Provenance and attestation tooling answers a question neither SCA nor SBOMs can: was this artifact actually built the way it claims to have been, by whom, from what source? SLSA (Supply-chain Levels for Software Artifacts), which originated at Google and is now hosted by the OpenSSF, defines build-track levels 0 through 3 in its current v1.0 specification, each requiring stronger guarantees — from no formal requirements at Level 0, through provenance metadata at Level 1 and non-forgeable, platform-generated provenance at Level 2, up to hermetic, two-party-reviewed builds at Level 3. (An earlier draft of the spec described a fourth level requiring reproducible builds; that requirement was deferred rather than carried into the current standard.) Sigstore, an OpenSSF project that reached general availability in 2022, provides the machinery to make those claims verifiable: cosign for keyless artifact signing, Fulcio as a short-lived certificate authority tied to OIDC identity, and Rekor as a public, tamper-evident transparency log recording every signature. in-toto complements this with a layout format for defining and verifying each step of a multi-party build pipeline. The 2020 SolarWinds Orion compromise, where attackers inserted malicious code directly into a signed, trusted build pipeline, remains the standard reference case for why provenance verification exists as its own category separate from scanning finished artifacts for known flaws.

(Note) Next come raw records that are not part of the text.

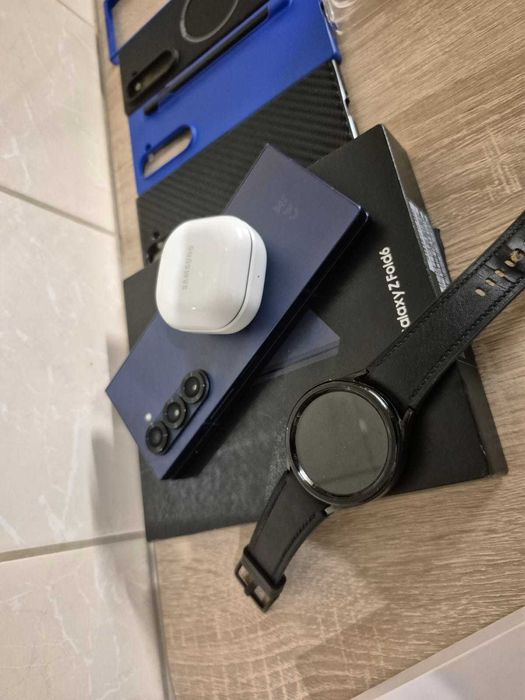 Zestaw Samsung z fold 6 512gb./watch 6 classic/buds 2fe.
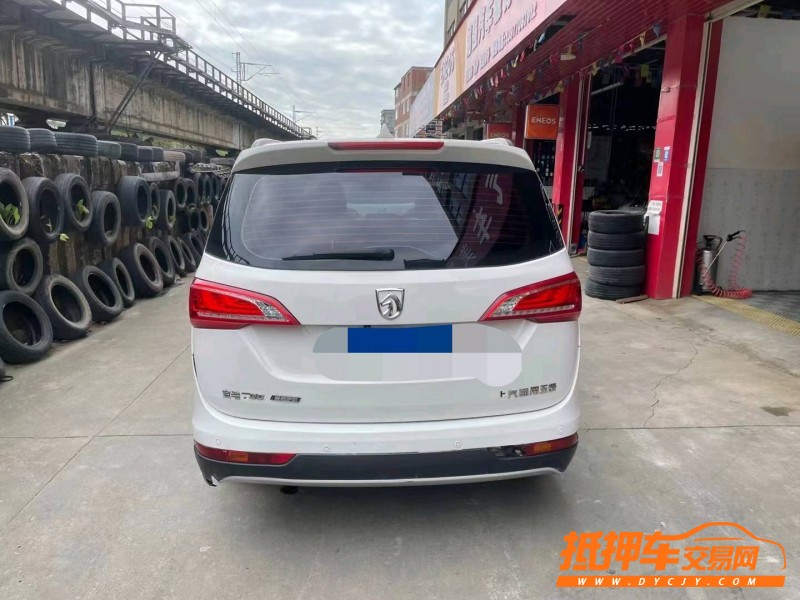 欽州17年寶駿7305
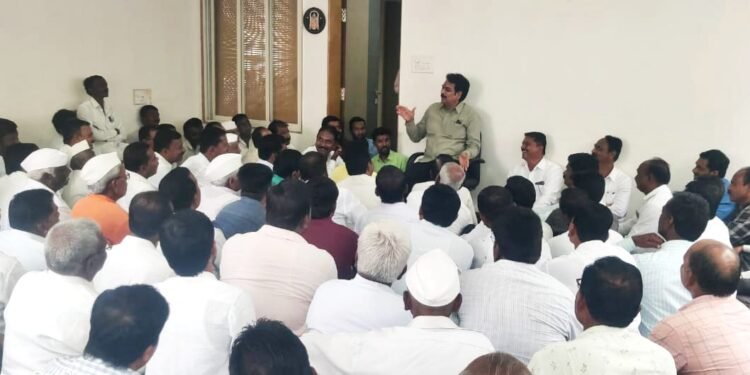 माजी मंत्री हर्षवर्धन पाटील यांनी साधला बावडा येथे रत्नाई बंगल्यावर कार्यकर्त्यांशी गावनिहाय संवाद , कार्यकर्त्यांचा उत्स्फूर्तपणे प्रतिसाद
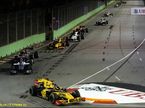Пилоты Renault F1 сражаются с соперниками на трассе Гран При Сингапура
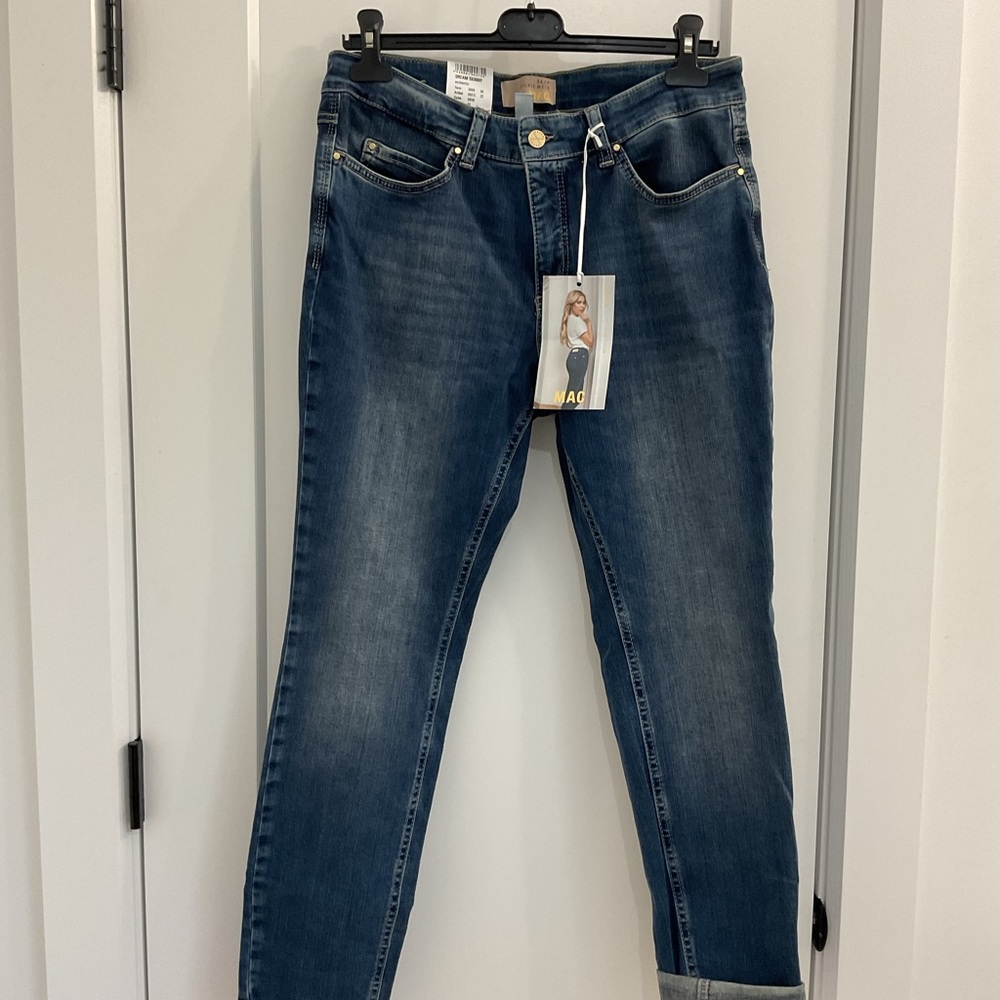 MAC Dream Skinny Jeans with Subtle Fading And Raw Hem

Why do registries need their own scanning category?
Registry and malware scanning exists because a growing share of supply chain attacks never touch a CVE database at all — they're malicious packages published directly to npm, PyPI, or crates.io, or dependency-confusion attacks that trick a build into pulling an attacker-controlled package instead of an internal one. Security researcher Alex Birsan demonstrated the dependency-confusion technique in 2021 by publishing packages matching internal library names used by more than 35 companies, including Apple, PayPal, and Microsoft, to public registries; internal build systems that resolved by version number rather than source pulled his public packages automatically, and the disclosure earned him over $130,000 in bug bounties. Vendors like Socket and Phylum built entire products around this gap, analyzing package behavior — install-time scripts, obfuscated code, unexpected network calls — rather than matching against a vulnerability list, because a brand-new malicious package by definition has no CVE yet. This is the category that would have had the best shot at catching something like the xz-utils backdoor's install-time build-script tampering, since it looks at behavior rather than known signatures.
How should a team choose between these categories?
The categories aren't substitutes for each other — Log4Shell (CVE-2021-44228, December 2021) is the case that made this concrete for most security teams, since organizations that had an SCA tool but no SBOM inventory spent days manually grepping repositories to find every place log4j-core was pulled in, transitively or directly. A team should map its actual risk before buying: SCA covers known-vulnerability exposure in dependencies you already use; SBOM generation covers inventory and compliance obligations, including federal procurement requirements under EO 14028; provenance and attestation covers build-integrity and tampering risk, which is the category most organizations still underinvest in; and registry scanning covers novel, unpublished malicious packages. Platforms are increasingly spanning more than one category rather than specializing — Safeguard's ESSCM module, for example, generates SPDX and CycloneDX SBOMs across 30-plus export formats and layers a proprietary Safeguard Component Attestation Level (SCAL, rated 0–5, with SCAL 0 meaning a fully verified reproducible build chain and SCAL 5 meaning unknown origin) on top, mapping explicitly to SLSA levels and verifying Sigstore, in-toto, and package-signature evidence. SCAL is a Safeguard-specific rating rather than an industry standard, but it illustrates the direction the market is moving: fewer point tools, more platforms that combine inventory, vulnerability matching, and provenance verification into one queryable system.